Потрясал стриженной в окобку соловою, жестикулировал, брызгал слюною.
— Вы живете отсталым образом жизни. Вам нужно реконструировать ваш быт… Вам нужно механизировать ваш труд…
Ненцы заговорили о чае. Потянулись к выходу, до ветру. Пришлось объявить перерыв.
* * *— Слово для доклада о коллективизации имеет тов. Лабазов, — стремительно высморкавшись под стоп, объявил Талеев.
Нагрузившись за время перерыва мороженым омулем с луком и обильным чаем с белыми сушками, ненцы отстегивали пояса, сбрасывали под себя малицы и, разомлев, полулежали на скамьях и на полу, как привыкли полулежать на шкурах у очагов.
Докладчик, ненец Лабазов, просматривал, лежа на верхней висячей койке, листки своих записей. Всего два года назад Ефим Лабазов пастушил стада у местного кулака Ледкова. Свой, батрак. Советская власть дала ему возможность от каменного века уйти в учебу, в студенты Института Севера. Комсомолец. Восемнадцать лет от роду. Он не порвал с тундрой, он с весны кочует по родной Самоедской земле, чтобы объяснять коллективизацию, советскую власть, чтобы есть парное оленье мясо и пить теплую оленью кровь, без которых и до сих пор тоскует в Ленинграде.
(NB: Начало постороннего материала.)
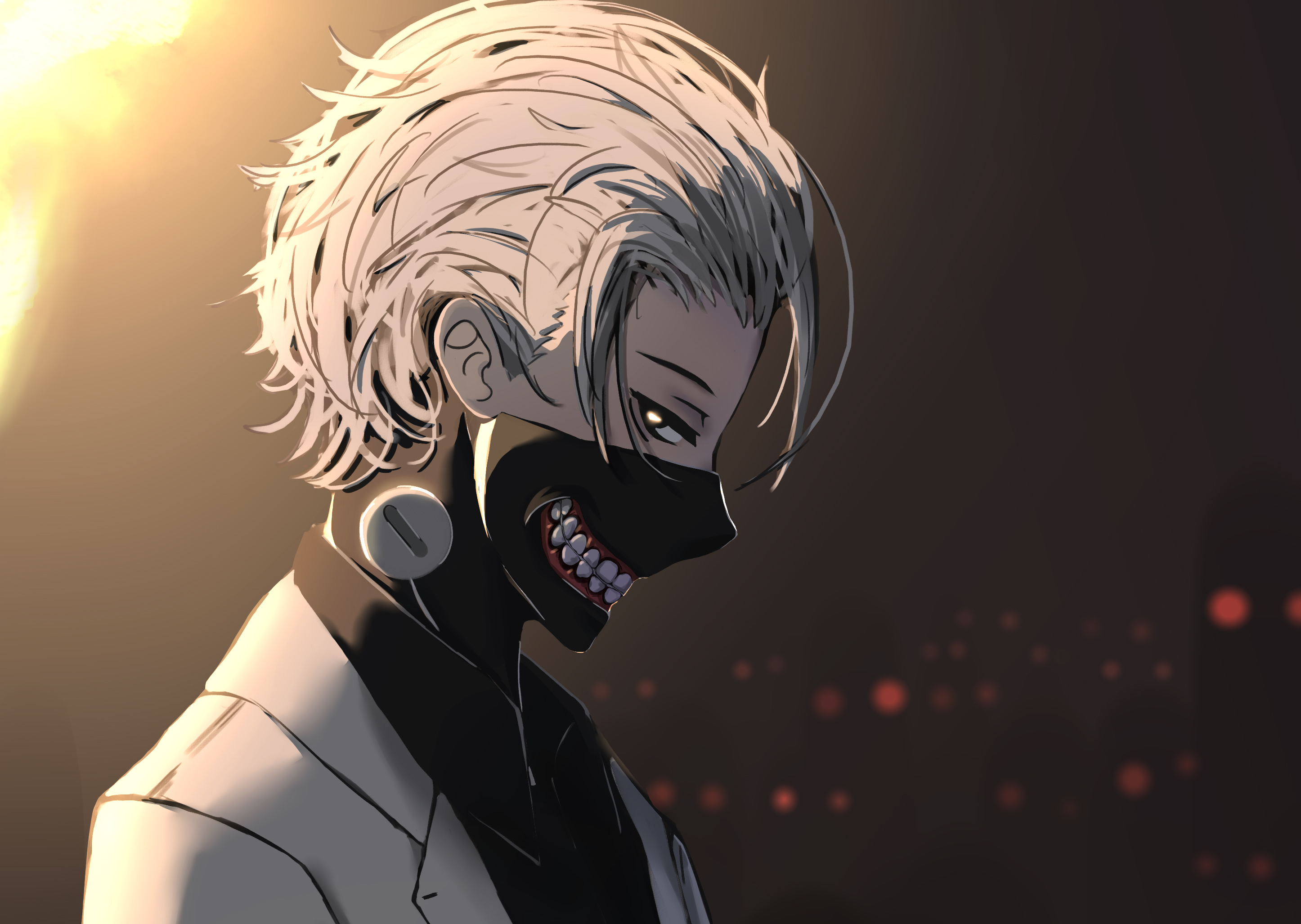 Detail Tokyo Ghoul Kaneki Wallpaper Nomer 48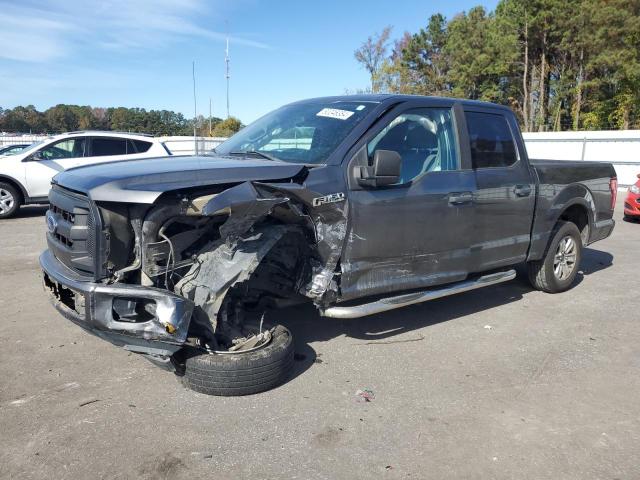 FORD F150 SUPER 2017 with VIN 1FTEW1C87HFB73499 - Photo from auction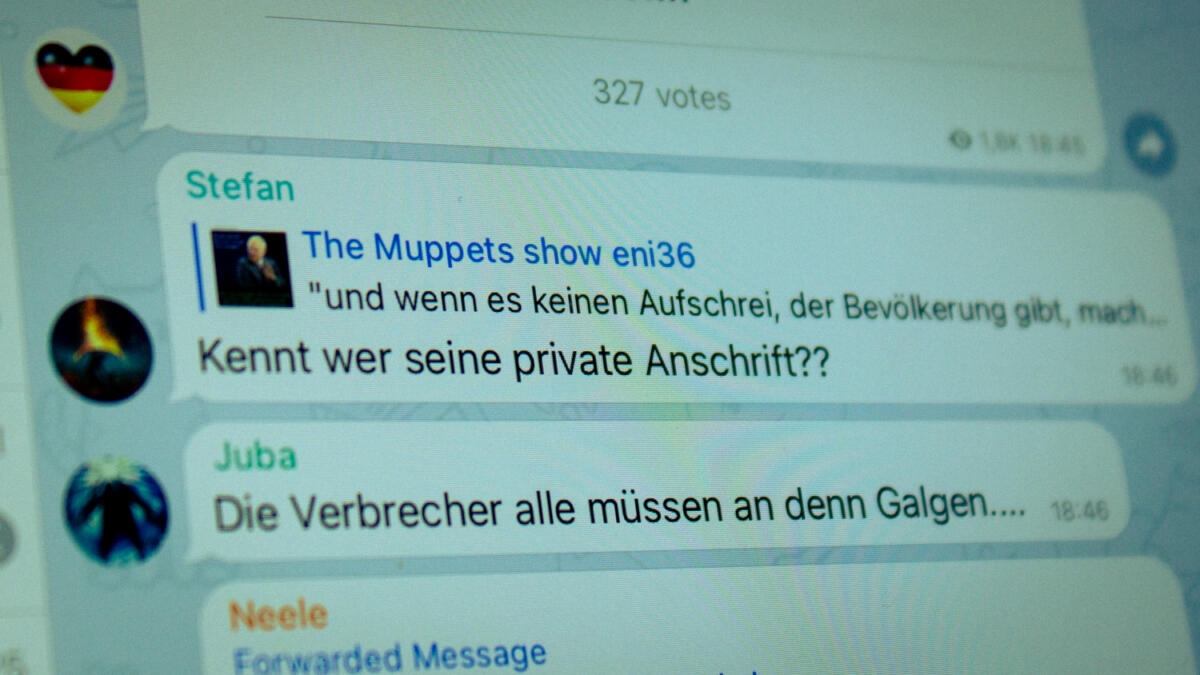 Hass auf Bundestagspräsident Wolfgang Schäuble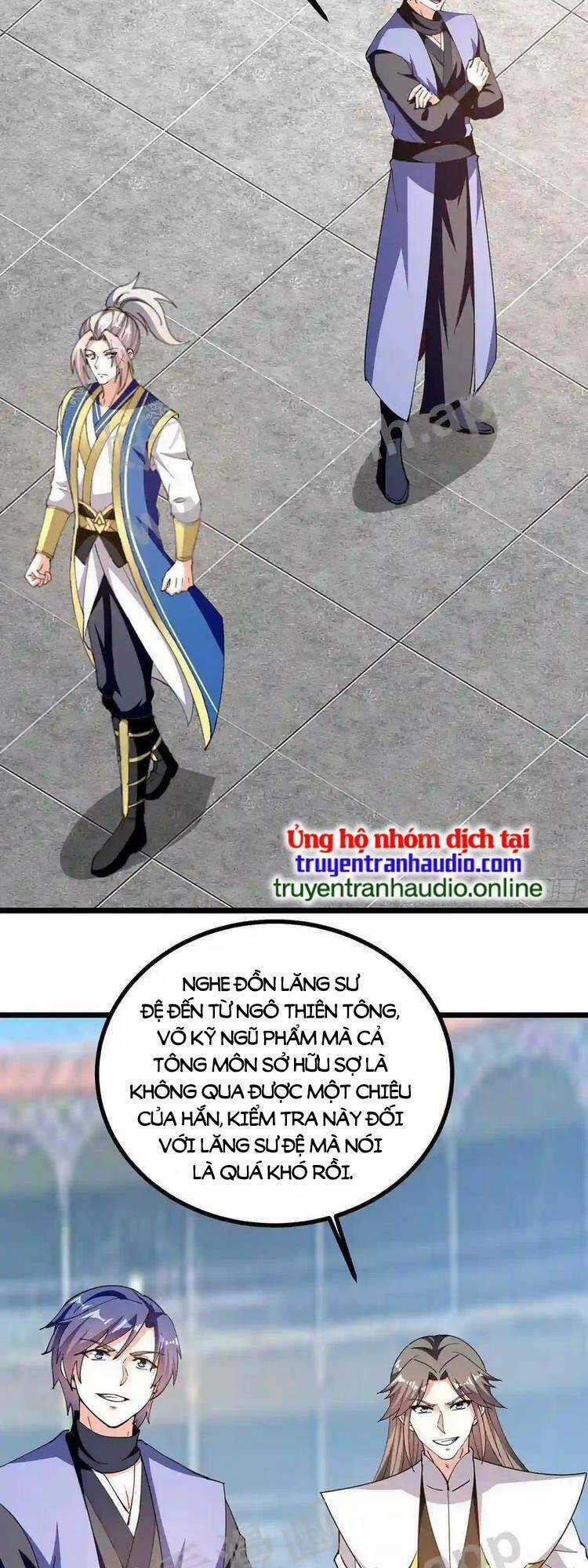 Lăng Thiên Thần Đế - Chapter 303 - Trang 2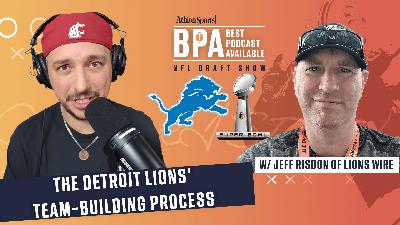 Detroit Lions Super Bowl Window | 2025 Draft Picks, Injuries & Dan Campbell’s Future w/ Jeff Risdon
Все повернули головы в сторону Лабазова. Не то от дыма, не то с трудом организуя растекавшиеся мысли, он щурил умные раскосые глаза, потирал ладонью скуластое лицо.
— От центра Самоедского округа Тельвисочной до Югор ского Шара 800 километров прямого пути, а я ехал по кривой, по чумам. Конечно, ездить приходилось пешком. В каждом чуме проводил беседу о коллективизации, — так» начал свой доклад Лабазов.
— При коллективизации, — говорил он, — в одно место соберется несколько кочевников, будет много рабочей силы. Одни станут добывать на озере рыбу, другие пойдут на морской промысел, а третьи будут пасти оленей Разделение труда даст многие выгоды. Только при коллективе можно обслужить стада ветперсоналом и спасти оленей от катастрофических, падежей. Только тогда станут доступными школа, больница, кредит, льготы. Если у оленевода сто оленей, то тридцать из них — ездовых быков, т е. 30 % стада. В коллективе же будет огромное стадо, число быков не составит более 8 % и, следовательно, остальные 92 % дадут больше дохода.